E quando sei partito
tutti sapevamo
che non ci sarebbero state altre dita
e siamo stati dritti nel giusto verso,
abbiamo tenuto il respiro
chiedendoci chi avrebbe sporto la mano,
lavato il bicchiere.
Chi avrebbe ammesso ad alta voce
che l'armadio andasse svuotato.
2° classificato
N°69. Lucia Celli
L’anteporsi delle parole
Le parole
possono affermare
o
contemporaneamente negare
un detto che
abbia significato,
ma che potrebbe
anche essere insensato.
La ragione è
costretta ad andare,
a seguire ciò
che deve spiegare,
questo è il suo
tormentoso stato:
si rifugia in un
mondo inventato.
Eppure un
maggiore appagamento
di quando il
caso accosta due parole
e la mente
riesce nell'intento
di attribuire
loro quel che vuole,
dimostrando con
un vago argomento,
provare tale
gioia non si suole.
N°80
Sebastian Zamaro
[Danza]
Desidero
solo te, perché voglio non avere altro.
Non altro
che vesciche alle mani, vesciche ai piedi
stilettate ai tendini quando siedi.
Fitte ad
ogni muscolo di schiena e gambe se ti alzi,
bruciore, mancata epidermide quando lo facciamo scalzi.
Voglio
solo sentire la tua mano sul tessuto intriso di sudore,
stringere i denti, dolore per un domani migliore.
Voglio
che l'unico odore sia quello del pavimento,
il
sapore di tecnica, poi allegrezza nel farlo col vento.
Voglio
capelli in bocca, sussulti, vagiti, lacrime e strilli di gioia
quando mi svegli nel cor della notte pur di salvarmi da
Noia.
Solo te attorno a me,
solo te il corpo sente.
Menzione speciale:
14. Maria Ponticiello
In principio
Ciascuno scelga,
scelga con cura
i costumi da sfoggiare
sul proprio
palco scenico.
Nessuno
azzardi,
azzardi a decidere
quali saranno
senza prima aver
consultato la propria alma.
Chi si sente
pronto cominci,
cominci a
recitare
senza il desio
di destare
invidia,
lode,
o pietà
dagli spettatori
nel teatro.
Coloro che si
amano,
che hanno paura
di sfidare
il destino
ma coraggio
sufficiente per guardarlo negli occhi
sognino,
incondizionatamente
perché i sogni
insegnano.
Insegnano
a sorridere
e
a piangere,
a farlo contemporaneamente,
a farlo contemporaneamente,
a piangere per poi sorridere
e
a sorridere mentre si piange,
ma più di ogni altra cosa insegnano a vivere.
Menzione speciale:
21. Giuseppe Bandiera
Che buffa la natura
Che buffa la natura, con colori
magici arriva agli occhi; passando
dal verde, al giallo e al rosso.
Ricca di vita: di piante e animali
racchiusi in un cerchio.
Smuovono le mie emozioni
colme di fantasia.

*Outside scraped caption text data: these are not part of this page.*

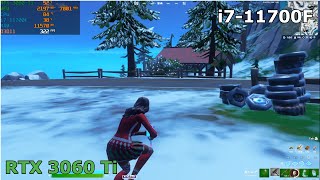 RTX 3060 Ti amp I7 11700F  Fortnite benchmark 1440p CreativeArena  PERFORMANCE MODE [upl. by Ellessig]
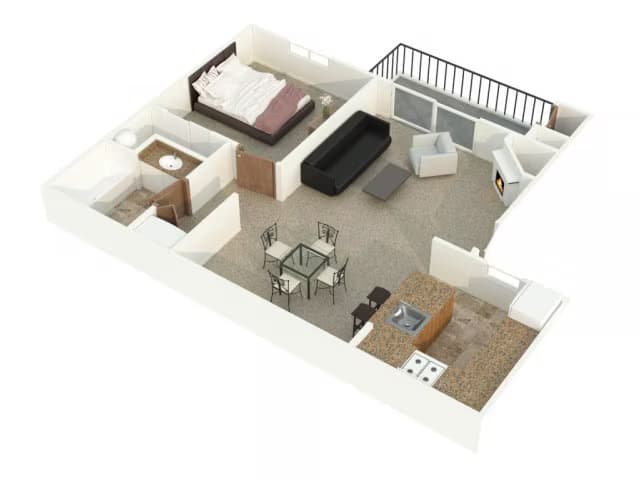 1X1 R04 floor plan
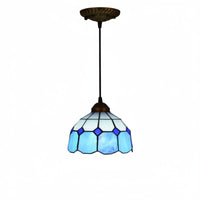 Stained Glass Pendant Light Handmade Lighting Retro for Cafe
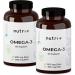 Nutri+ Omega 3 Vegan - 600mg DHA + 300mg EPA - 1100mg Essential Fatty Acids O3 Seaweed Oil - Highly Dosed - Vegan & Vegetarian - No Fish Oil Beef & Gelatin - Buy Online on GoSupps.com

Mi adagio in
un prato, pensando d' essere farfalla.
Menzione speciale:
52. Leonardo Donà
Con gli occhi gonfi
Nel vortice di
confetti e riso
che vi gettarono
addosso alla buona,
non erano suoi
lo sguardo e il sorriso:
appartenevano ad
altra persona.
E oggi nel
turbinio di giorno e notte,
tra sorrisi
forzati e pianto sincero,
fra le mani tue
a schermire le botte
e l’implorare un
perdono menzognero,
della tua vita
dipani il filo;
e più tu incedi
nel corso dei giorni
sempre al buio
domandi asilo
e preghi Dio che
lui non ritorni.
Ma lui ritorna
ogni volta,
e gli occhi
teneri e poi la cieca furia
ed ogni suo
schiaffo e ogni sua ingiuria
ti fanno pentire
della tua scelta.
Sciogli gli
occhi tuoi al pianto,
sfoga l’opprimente
nodo alla gola,
non con le
lacrime soltanto:
è sufficiente
una tua parola.
Ma tu come di
fiore esile stelo
nella tua vita
stai, ferma,
come statua che
un pugno deforma,
il viso stanco,
nel cuore il gelo,
lugubre, triste
come fronda di ramo,
il dolore di
dentro, la disperazione accanto,
aggrappata a
un’esile, passato “Ti amo”,
gli occhi gonfi
non solo di pianto.
Menzione speciale:
53. Nicole Monaco
Mezzanotte
Ragnatele di
luna accartocciate
Tutto intorno al
vecchio pendolo
Di cui ho perso
il conto
Dei rintocchi
lontani.
Seduta ad un
tavolo a tre gambe
Gioco a carte
assieme ad un'ombra luminosa,
Per una
scommessa con il destino
Il cui palio è
un ricordo dimenticato.
Un solo pensiero
svolazza nell'angusta stanza,
Sottile come
fumo, denso come nebbia,
Si attacca alla
muffa dei muri e
Si infiltra nei
fori di proiettile.
Il campanile
abbandonato incombe sulla città
Mentre il
fantasma del mio peggior rimpianto
Getta sul tavolo
la sua ultima carta truccata.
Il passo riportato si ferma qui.